● **DATASET CONTENT**
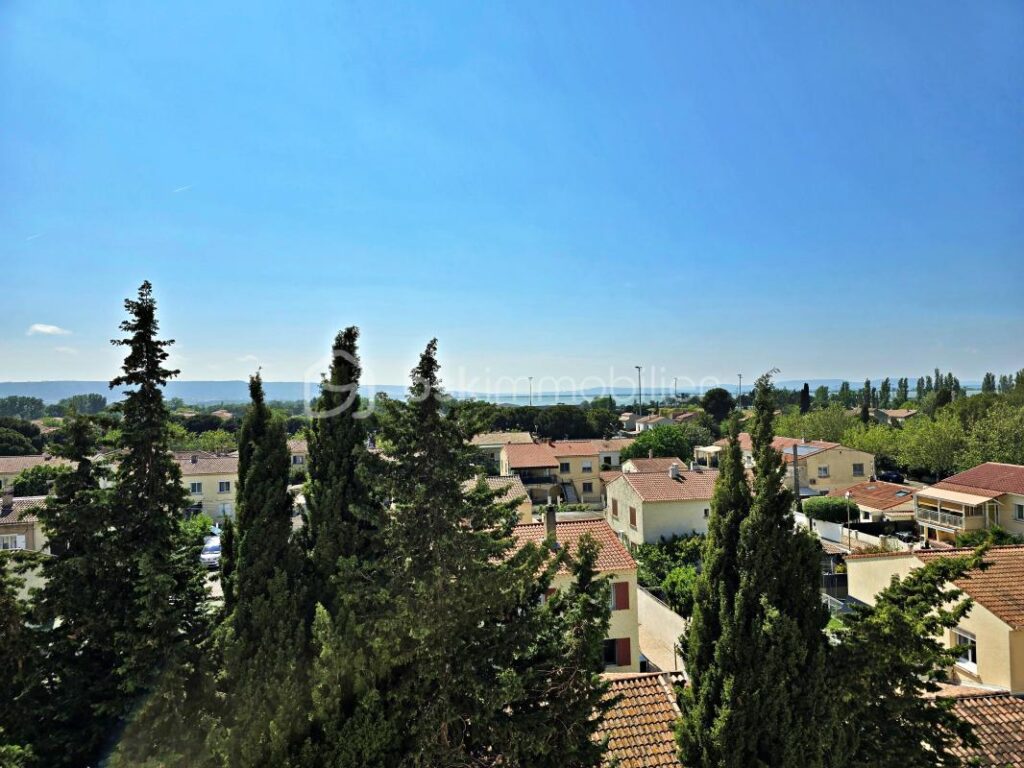 🔥 DERNIER ÉTAGE – 69 m² – 3 CHAMBRES – 2 BALCONS – VUE ÉTANG – 121 000 € 🔥 – 4 pièces – 3 chambres – 69 m²
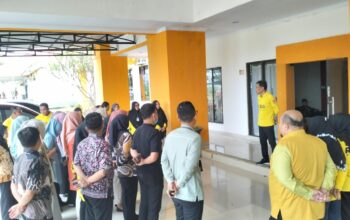 Pimpin Apel Pulang, Direktur RSUD ZUS Tekankan Keamanan dan Kebersihan Rumah Sakit 3 Pimpin Apel Pulang, Direktur RSUD ZUS Tekankan Keamanan dan Kebersihan Rumah Sakit. (Foto: Humas RSUD ZUS)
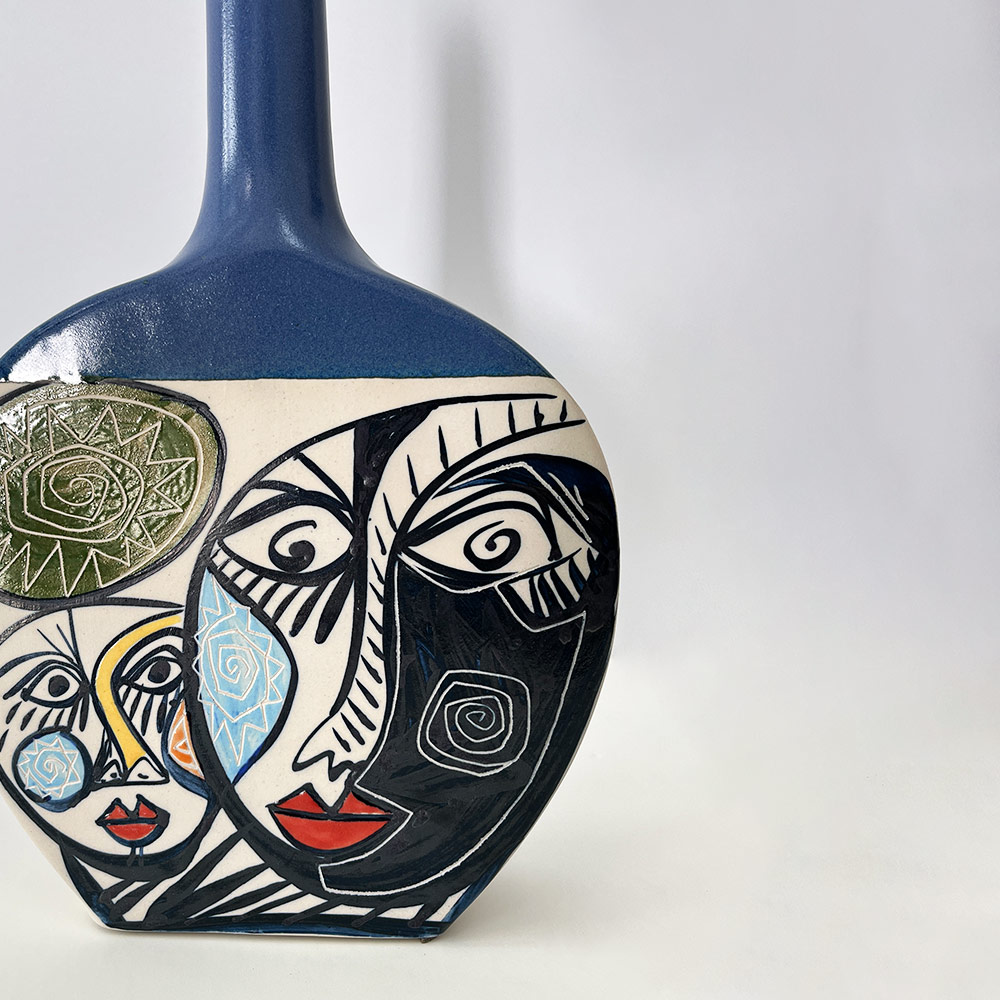    CUBIST ROUND VASE WITH TALL NECK 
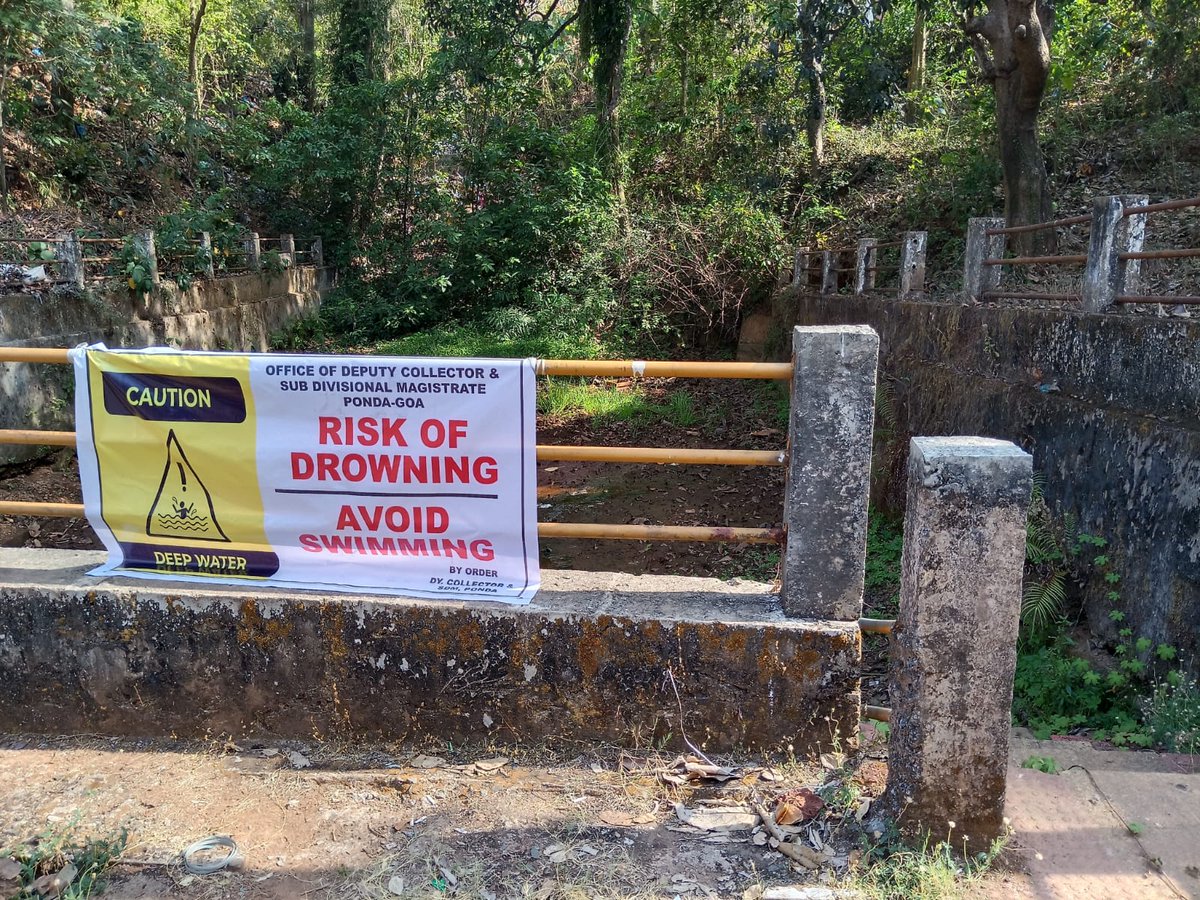 Coll_SouthGoa's tweet image. With the onset of the monsoon, as a precautionary measure, safety banners indicating ⚠️“Risk of Drowning” have been installed by order of the Deputy Collector, Ponda, to alert the public and tourists to avoid these areas and ensure their safety🚨

#StaySafe
#DrowningPrevention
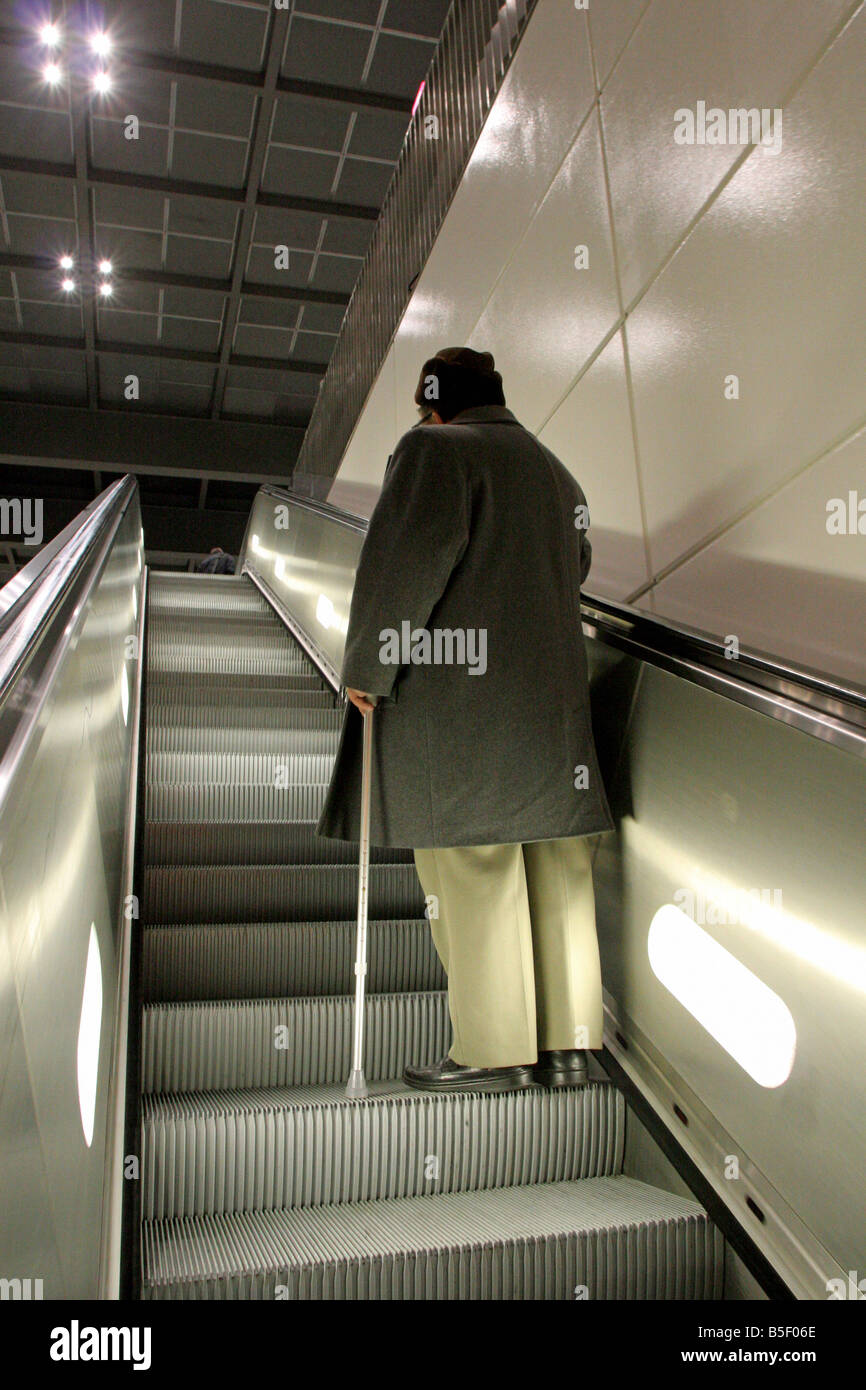 Vieil homme sur un escalator, Berlin, Allemagne Banque D'Images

● **WHAT TO DO**
Nothing but the lines from the one containing "Humas RSUD ZUS)" through the final line of the records, both included and copied exactly, should appear in the answer; pictures stay out.

● **RESPONSE**
 Pimpin Apel Pulang, Direktur RSUD ZUS Tekankan Keamanan dan Kebersihan Rumah Sakit 3 Pimpin Apel Pulang, Direktur RSUD ZUS Tekankan Keamanan dan Kebersihan Rumah Sakit. (Foto: Humas RSUD ZUS)
    CUBIST ROUND VASE WITH TALL NECK 
 Coll_SouthGoa's tweet image. With the onset of the monsoon, as a precautionary measure, safety banners indicating ⚠️“Risk of Drowning” have been installed by order of the Deputy Collector, Ponda, to alert the public and tourists to avoid these areas and ensure their safety🚨

#StaySafe
#DrowningPrevention
 Vieil homme sur un escalator, Berlin, Allemagne Banque D'Images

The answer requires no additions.